しかし、グランクラスのサービスの歴史は縮小の歴史だった。2019年3月までは、乗客は洋食と和食の軽食を選ぶことができ、東京発の列車、東北・北海道発の列車、北陸発の列車で内容が異なっていた。東京発の列車では、東北・北海道発の列車と北陸発の列車で異なるメニューが提供された。メニューの変更も頻繁だった。その後、2022年9月までメニューは和食の軽食のみに絞られた。
2022年10月には上下線共通のメニューに変更された。冷凍食品を解凍して提供するようになり、「リフレッシュメント」と呼ばれるようになった。公式には「食品ロス対策」が理由だった。飲み物の数も減らされ、アテンダントの数もふたりからひとりに減らされた。
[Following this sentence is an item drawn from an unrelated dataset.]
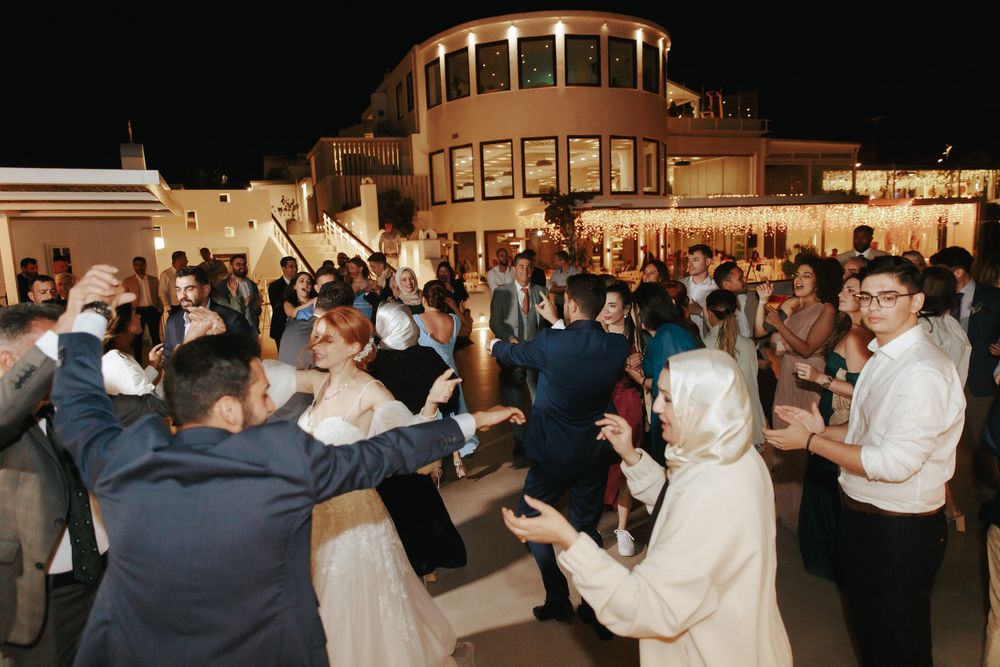 Nighttime celebration with crowd of partygoers dancing outside an illuminated building with domed architecture.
この間、コロナ禍のため、グランクラスで飲食サービスを提供できない期間があった。通常飲食サービスを提供している列車は、グランクラスの営業なしで運行された。
また、北陸新幹線では2022年10月から、最上級の「かがやき」のみでアテンダントによる飲食サービスが継続され、「はくたか」では廃止された。このように、アテンダントによる飲食サービスはグランクラスでは縮小され、はやぶさ、かがやきのみとなった。
食品ロスの問題や人手不足など、質の高いサービスを提供するのが難しいのはわかる。しかし、サービスを廃止するならともかく、サービスを維持・発展させたいのであれば、“ジリ貧”にするのは問題であり、逆効果である。このようなサービス提供は、かえってグランクラスの人気を下げることになる。